_What needs to be done_
Would you please repeat exactly the lines from the one containing "3-inch stainless steel" to the end of the records, both included, and leave out the rest?

_Data for the task_
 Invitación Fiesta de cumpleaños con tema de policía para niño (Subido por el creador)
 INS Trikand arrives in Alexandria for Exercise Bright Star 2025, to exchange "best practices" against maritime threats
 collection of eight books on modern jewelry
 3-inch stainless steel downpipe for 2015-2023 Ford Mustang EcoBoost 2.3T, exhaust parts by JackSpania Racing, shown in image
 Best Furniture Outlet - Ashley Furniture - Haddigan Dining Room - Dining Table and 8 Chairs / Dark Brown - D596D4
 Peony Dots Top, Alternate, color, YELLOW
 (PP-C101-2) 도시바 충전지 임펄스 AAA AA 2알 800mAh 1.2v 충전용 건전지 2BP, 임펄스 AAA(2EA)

_Answer box_
 3-inch stainless steel downpipe for 2015-2023 Ford Mustang EcoBoost 2.3T, exhaust parts by JackSpania Racing, shown in image
 Best Furniture Outlet - Ashley Furniture - Haddigan Dining Room - Dining Table and 8 Chairs / Dark Brown - D596D4
 Peony Dots Top, Alternate, color, YELLOW
 (PP-C101-2) 도시바 충전지 임펄스 AAA AA 2알 800mAh 1.2v 충전용 건전지 2BP, 임펄스 AAA(2EA)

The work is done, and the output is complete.